CD: Dead Can Dance - Anastasis

Decent return from an Australian duo who deal in clever, carefully calibrated moodiness

Electronic dance music is notorious for its multiple sub-genres and niche categorizations. One of the more obscure is a style known as "dark ambient" (or "darkwave"). Its micro-interest status is unsurprising since it combines lethargic downtempo with unsettling moodiness, hence it’s best suited to depressed darkened Winter bedrooms and bleak art-film soundtracks. That said, the best of it has a modern classical flourish that can be sonically exciting.

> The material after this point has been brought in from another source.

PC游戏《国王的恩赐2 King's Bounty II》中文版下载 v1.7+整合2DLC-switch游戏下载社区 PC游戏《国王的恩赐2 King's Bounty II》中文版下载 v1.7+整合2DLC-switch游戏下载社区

Before the term “dark ambient” existed, Dead Can Dance were making it and, along the way, consolidating the reputation of 4AD Records. In the mid-Eighties, a couple of their albums were my music of choice to fall asleep to - slow, rich, strange music that combined gothic electronics with unobtrusive world music tints. From Australia, and once life partners but now separated, Dead Can Dance’s core duo, Brendan Perry and Lisa Gerrard, have reunited to play the occasional gig since their 1998 split but Anastasis is their first album in 16 years.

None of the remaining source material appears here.